The report was ordered by Congress to assess the FBI’s performance on national security matters, and its authors said they hoped it would be a blueprint for improvement. It was also intended to gauge how well the 9/11 Commission’s recommendations in a 2004 report are being carried out.
It was released as FBI Director James Comey heads to Capitol Hill to defend an $8.48 billion budget request that seeks extra funding for cyber investigations, among other changes.
Though largely positive about the FBI’s progress, the report identified several weakness, including a need for better intelligence analysis and collection, and to regard its staff of intelligence analysts as part of the “professionalized workforce.” It also said frequent leadership changes slow down the pace of improvement, and that the FBI needs better coordination with the private sector and other agencies to deal with cyber threats.

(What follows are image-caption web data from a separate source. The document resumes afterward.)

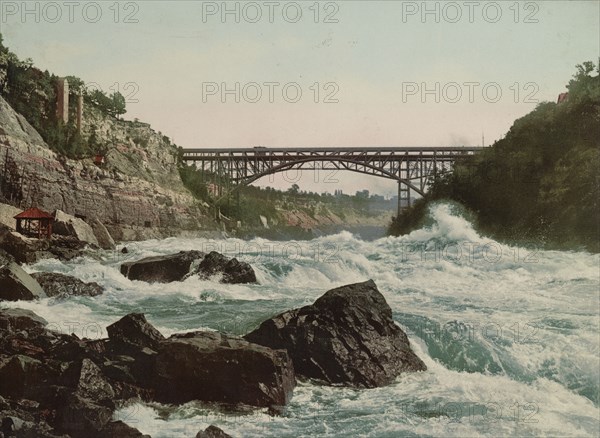 Whirlpool Rapids, looking up Niagara, c1900. Creator: Unknown.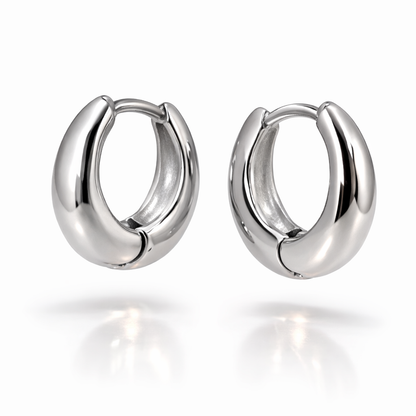 Alba Hoops Earrings Sterling Silver 925 -17mm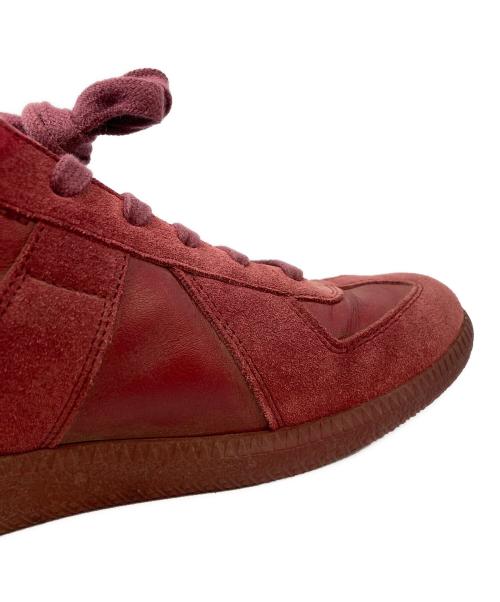 Maison Margiela（メゾンマルジェラ）Maison Margiela (メゾンマルジェラ) REPLICA ジャーマントレーナー　(レプリカジャーマントレーナー)　イタリア製　 レッド サイズ:40の古着・服飾アイテム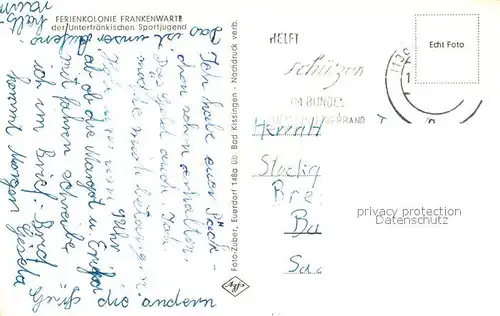 Bad_Kissingen Ferienkolonie Frankenwarte Bad_Kissingen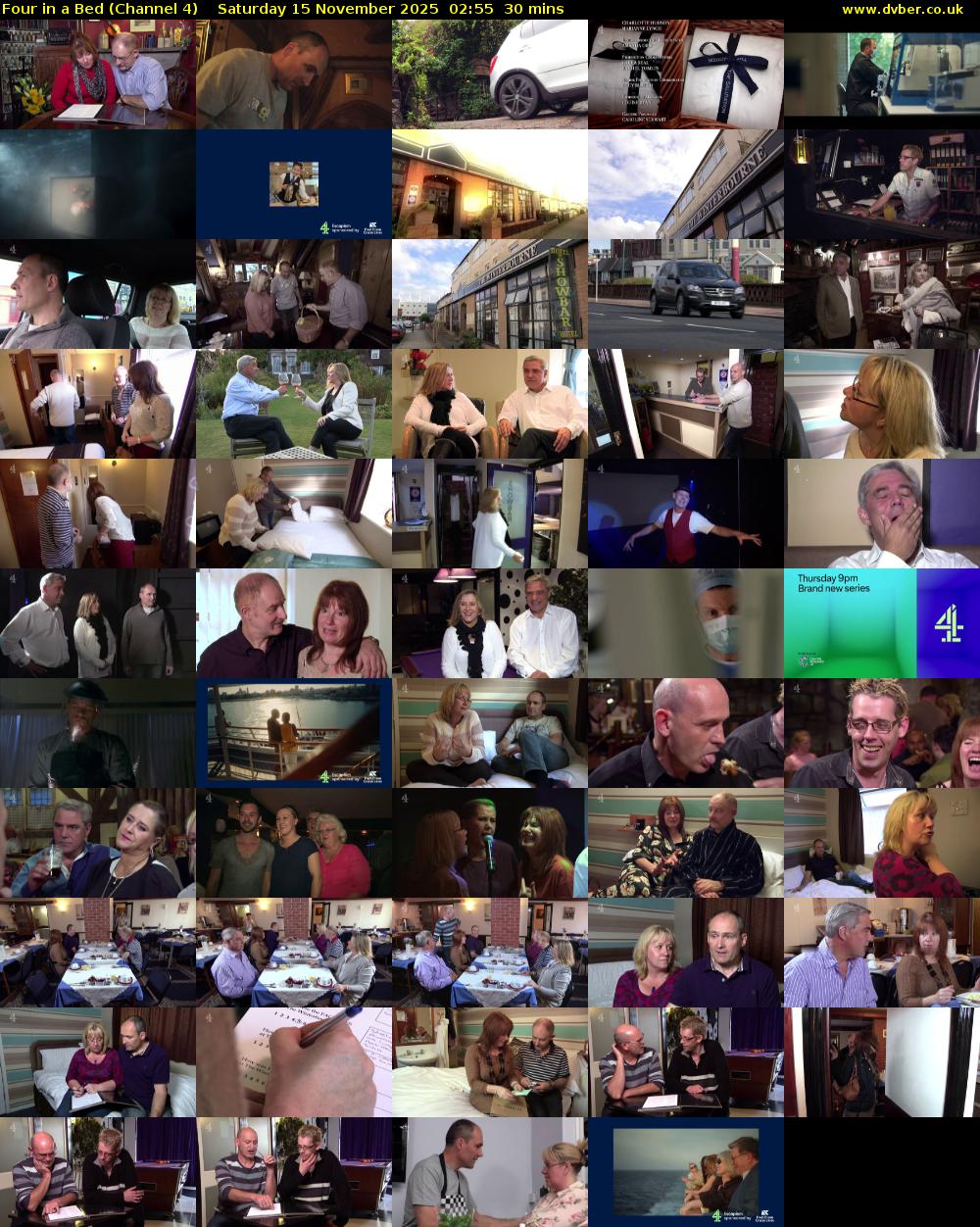 Four in a Bed (Channel 4) Saturday 15 November 2025 02:55 - 03:25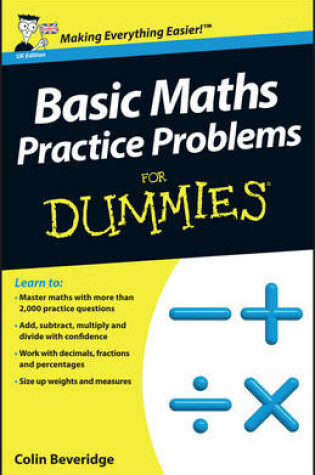 Cover of Basic Maths Practice Problems For Dummies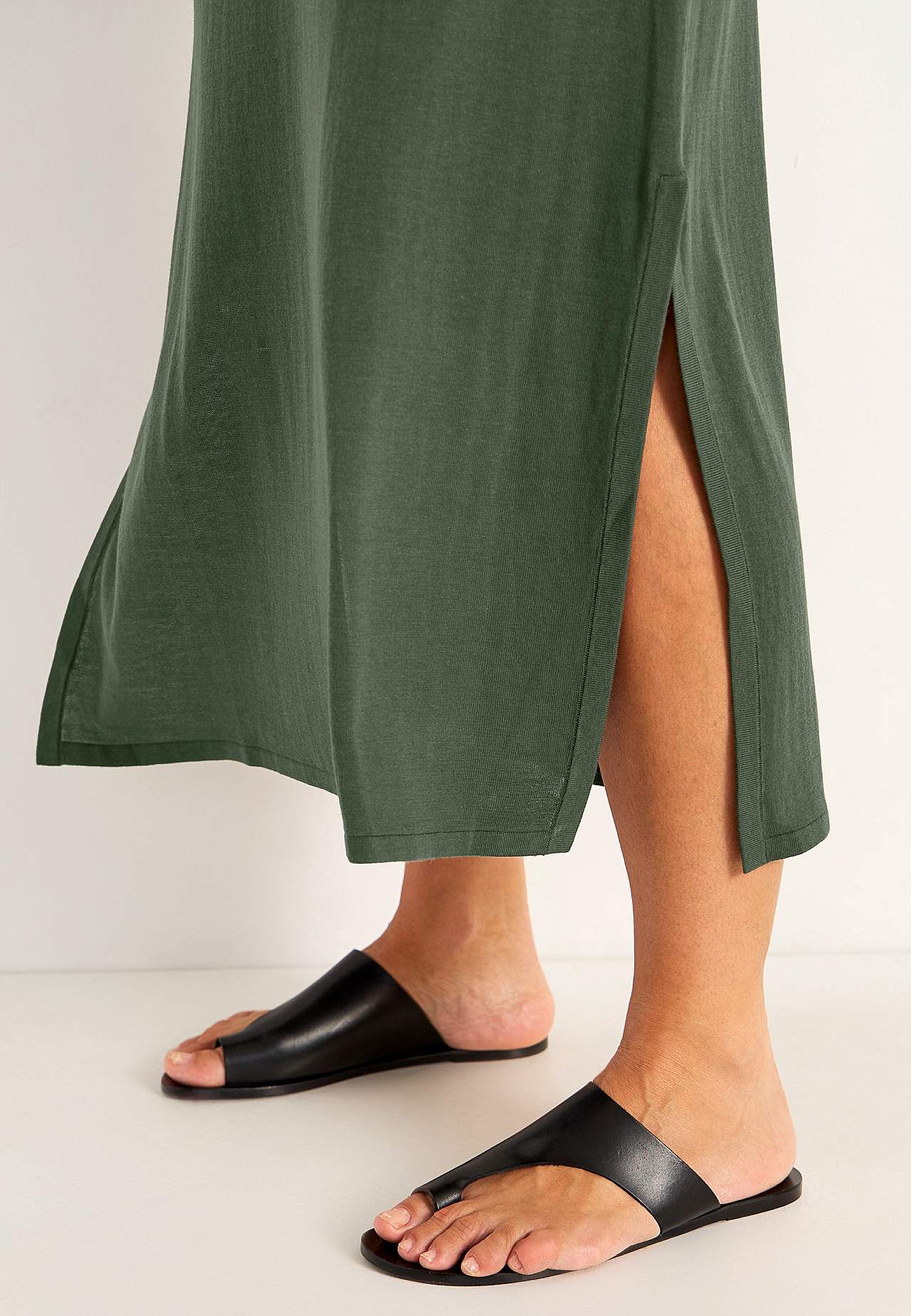 Fein Premium gestrickt Kleid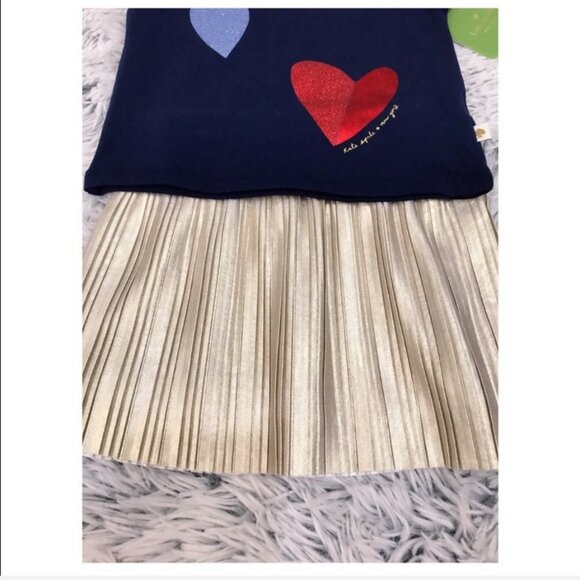 NWT Kate Spade Tossed Hearts Skirt Set - Picture 4 of 5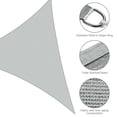thumbnail image 4 of Yescom 28Ft Triangle Sun Shade Sail Canopy 97% UV Block Commercial Carpark Pool Camping Playground Outdoor Cload Gray, 4 of 10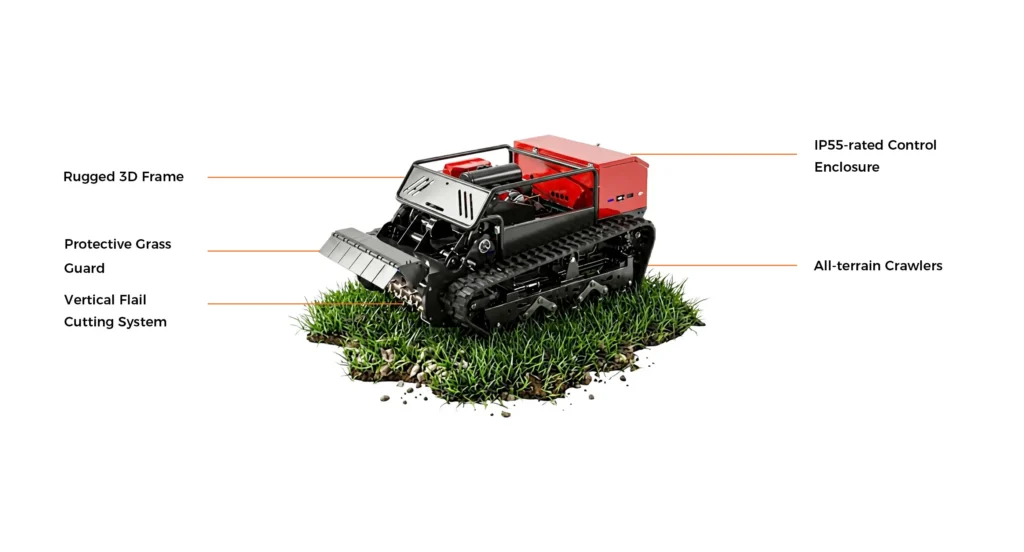 Vertical-Flail-Mower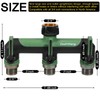 Zaakwang Full Flow Heavy Duty 3-Way Hose Splitter, Rugged Garden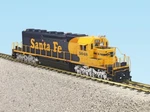 Usa Trains G Scale SD40-2 Diesel Locomotive R22301 Santa Fe Blue/yellow. Fixed Price $539.00.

Comey said he supports most of the conclusions, though he said he disagreed with the recommendation that the FBI should not have a role in a new White House initiative to counter the radicalization of Americans through community outreach.
“I think there is an important role for the FBI to play,” Comey said, although he added that role wouldn’t touch on matters of religion.
The report looked at five terror plots and attacks in the last few years, including the 2009 Fort Hood shooting and the 2013 Boston Marathon bombing. In some cases, it found information that may have been useful — such as a 2012 outburst at a religious center by Boston Marathon bomber Tamerlan Tsarnaev — never made it to the FBI.